Em 1963 criou-se o Exame de Ordem, que poderia ser substituído por estágio do ainda estudante em escritório de advocacia cujo titular tivesse cinco anos de inscrição na Ordem.

Na ditadura, em 1972, sendo ministro da Educação o coronel Passarinho, extinguiu-se o Exame de Ordem e se permitiu que o estágio fosse realizado nas próprias faculdades, que atestariam o aproveitamento do aluno para inscrição na Ordem dos Advogados. Criava-se nova fonte de renda para as faculdades particulares e desprestígio para a classe que constituía o bastião de resistência democrática.
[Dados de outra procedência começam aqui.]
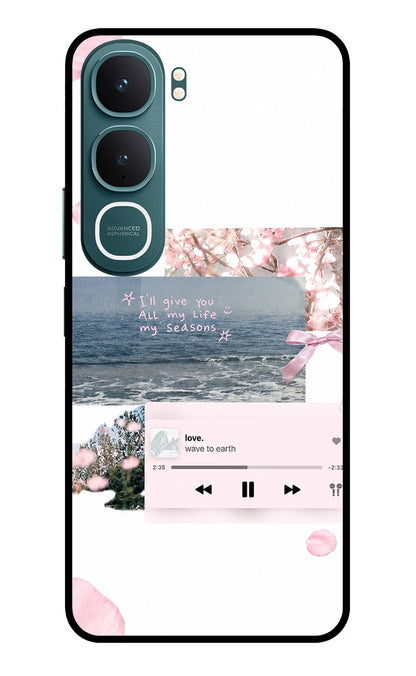 Wave to Earth Vivo Y31 5G Back Cover Glass Case - Hello Swanky
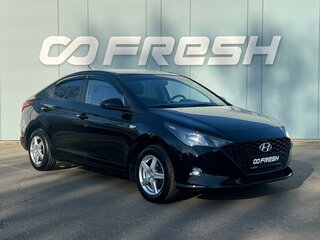 2021 Hyundai Solaris II Рестайлинг, чёрный, 1720000 рублей, вид 1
Em 1994, novo Estatuto da Ordem reinstalou a exigência do exame para admissão nos quadros da advocacia. Agora, um bacharel reprovado interpôs, por meio de advogado, mandado de segurança no qual argumenta ser inconstitucional o Exame de Ordem, pois afronta o artigo 5.º, XIII, da Constituição, que garante o livre exercício de trabalho e de escolha profissional. Na verdade, esse inciso condiciona o livre exercício de trabalho ao atendimento das “qualificações profissionais que a lei estabelecer”.

A arguição de inconstitucionalidade foi rejeitada em primeira e segunda instâncias, mas agora chega ao Supremo Tribunal Federal em recurso extraordinário. O parecer do Ministério Público Federal é pela acolhida da inconstitucionalidade do Exame de Ordem, pois seria uma forma de limitar um mercado de trabalho reconhecidamente saturado, havendo perigosa tendência a reserva de mercado.

Em gritante contradição, o parecer do Ministério Público admite a “notória deficiência do ensino jurídico no Brasil” e propõe, reeditando a solução do coronel Passarinho ao tempo da ditadura, a adoção dos Núcleos de Prática Forense, previstos em portaria e resolução do Ministério da Educação, de responsabilidade das próprias faculdades, com professores do curso.

Contraditoriamente, o parecer confessa a necessidade de se restringir o acesso à profissão de advogado mediante a chancela da OAB, a fim de que da atuação de bacharéis não decorram “riscos à sociedade ou danos a terceiros”. Propõe, todavia, que essa chancela se faça mediante impossível supervisão pela Ordem dos Núcleos de Prática Forense mantidos pelas próprias faculdades com seus professores. Ora, nenhuma faculdade vai considerar o seu bacharelando inapto para o exercício da advocacia: é a raposa cuidando do galinheiro. O núcleo gerará renda e passará também a ser fonte de falso prestígio da faculdade.

Se o Ministério Público, com razão, reconhece a possibilidade de risco para a sociedade com o ingresso automático de bacharéis na OAB, é evidente que a exigência de qualificação por via do Exame de Ordem não pode ser vista como expediente de reserva de mercado.

É, sim, um meio de proteção da sociedade, do interesse de todos, do Judiciário e da própria democracia, pois a OAB tem por finalidade a defesa da ordem constitucional e sua força promana do prestígio social, a não ser comprometido com a inclusão de manifestos incompetentes em seus quadros.